In California, most people convicted of domestic violence are required to go through a batterers intervention program. These year-long programs are designed to help offenders recognize their triggers and underlying issues that may result in their abusive behaviors as well as ways to rechannel their anger rather than act out in a violent manner. These domestic violence classes are different than anger management courses, which may also be included in the terms of someone’s court ordered probation.
Who is Required to take a Batters Intervention Course?
Anyone convicted of a domestic violence crime against a protected intimate partner in California will be required to take part in a batterers intervention program. The program is officially called the Domestic Violence Recovery Program (DVRP) and is once every week for 52 weeks.
This isn’t just limited to those convicted of misdemeanor or felony corporal injury to a spouse or cohabitant or domestic battery, but also those charged with domestic violence vandalism or even a reduced charge such as criminal threats as long as it involved a spouse or romantic partner protected by these laws.
The only way to avoid the DVRP is to either have all charges dismissed or plead down to a charge the prosecutor accepts that does not involve a domestic violence victim. On the other hand, you may end up being sentenced to a similar program, so, for example, if someone is convicted of child endangerment after abusing a romantic partner in front of a juvenile, a year-long parenting class may be required rather than a domestic violence class.
How Domestic Violence Classes Work
Those sentenced to attend a domestic violence class must first find a course that has been approved by the county where they were convicted. In San Diego, there are programs located throughout the county, including Vista, El Cajon, Downtown, National City and more. Generally, the San Diego County court does not allow offenders to sign up for online courses, but with the current coronavirus pandemic, the classes are only being held online.
While Domestic Violence Recovery Program courses are group meetings, the court will substitute individual counseling from a qualified therapist. Whether performed in therapy or in the standard DVRP courses, the program cannot be shortened or and sessions cannot doubled up but must last for a full 52 weeks.
While the classes last for two hours every week for a full year, attendees are only permitted a maximum of three absences during the entire course period and even then, these absences are only approved if the attendee can provide a good reason for them. The court holds regular review hearings during the program requiring the defendant to appear and show satisfactory progress. At the end of the course, offenders must go through a final evaluation before they officially complete the program. Participants must be sober during every session.
Offenders must pay for the class out of their own program, though the course fees are often charged based on a sliding scale so those on a low income are required to pay less than those who are more wealthy.

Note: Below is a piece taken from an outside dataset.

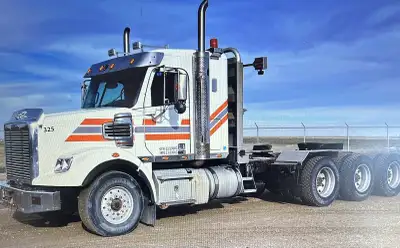 2015 Freightliner 122SD TRI DRIVE 845,164 km (525,161 mi) Detroit DD16 600 hp Engine, Eaton Fuller R...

During the weekly sessions, participants learn more about the causes of domestic abuse, how victims are affected by abuse and how to make changes to reduce their likelihood of offending again. The programs are a combination of traditional classes and therapy, and participants are expected to talk in group and one-on-one sessions about their emotions and experiences.
Failure to Complete the Program
Batterers intervention programs are part of a court ordered probation sentence. That means that failure to complete the course is a probation violation. If you fail to complete your domestic violence probation, you can be sentenced to jail or prison time as well as additional fines. Your defense lawyer can represent you in a hearing to explain why you were unable to fully complete your probation and if you have a good reason for violating the terms set by the court, the judge may excuse you from these requirements.